GD 362 is een witte dwergster. Het vertegenwoordigt de eindtoestand van de stellaire evolutie voor sterren zoals de zon en zwaardere sterren zoals de voorvader van deze, die een oorspronkelijke massa had van ongeveer zeven keer de zon. Na miljoenen jaren nucleaire reacties te hebben ondergaan, had de kern van GD 362 geen brandstof meer en kon deze niet langer genoeg warmte produceren om de innerlijke zwaartekracht tegen te gaan. Na een korte periode van instabiliteit en massaverlies stortte de ster in tot een witgloeiend lijk. De overblijfselen koelen langzaam af gedurende vele miljarden jaren terwijl de stervende sintel zijn langzame reis naar de vergetelheid maakt.
Op basis van de afkoelsnelheid schatten astronomen dat er tussen de twee miljard en vijf miljard jaar zijn verstreken sinds de dood van GD 362.
"Dit lange tijdsbestek zou verklaren waarom er geen teken is van een omhulsel van gloeiend gas dat bekend staat als een planetaire nevel als gevolg van het verdrijven van materiaal terwijl de ster stierf", aldus teamlid en Gemini-astronoom Jay Farihi.
Tijdens zijn thermonucleaire achteruitgang ging GD 362 door een uitgebreide periode van massaverlies, gaande van een massa van ongeveer zeven keer die van de zon tot een kleinere schaduw van één zonmassa van zijn vroegere zelf.

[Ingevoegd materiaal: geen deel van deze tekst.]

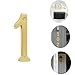 Bebarley 4 Inch Premium Bright Solid Brass Door House Numbers and Street Address Plaques Numbers for Residence and Mailbox Signs.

Hoewel ongeveer een kwart van alle witte dwergen elementen bevat die hoger zijn dan waterstof in hun atmosfeer, is het bekend dat slechts één andere witte dwerg stof bevat. De andere stoffige witte dwerg, aangeduid als G29-38, heeft ongeveer 100 keer minder stofdichtheid dan GD 362.
De Gemini-waarnemingen zijn gedaan met de MICHELLE mid-infraroodspectrograaf op de Gemini North-telescoop op Mauna Kea, Hawaii.
'Deze gegevens zijn fenomenaal', zegt Alycia Weinberger van de Carnegie Institution. 'Deze ster observeren was een sensatie! We konden de overblijfselen van een planetair systeem rond deze ster alleen vinden vanwege de enorme gevoeligheid van Gemini in het midden-infrarood. Meestal heb je daarvoor een ruimtevaartuig nodig. '
De Gemini mid-infrarood observaties waren uniek in hun vermogen om de eigenschappen te bevestigen van het stof dat verantwoordelijk is voor het "infrarood overschot" rond GD 362. De complementaire nabij-infrarood observaties en papier van de infraroodtelescoopfaciliteit door het team van de Universiteit van Texas zorgden voor belangrijke beperkingen op de omgeving rond de ster.
Astronoom en co-auteur van de Universiteit van Texas, Ted von Hippel, beschrijft hoe de waarnemingen met de infraroodtelescoop (IRTF) de Gemini-resultaten aanvullen: “Het IRTF-spectrum sluit de mogelijkheid uit dat deze ster een bruine dwerg zou kunnen zijn als bron van het 'infraroodoverschot '', Zei von Hippel. "De combinatie van de twee datasets biedt een overtuigende zaak voor een stofschijf rond GD 362."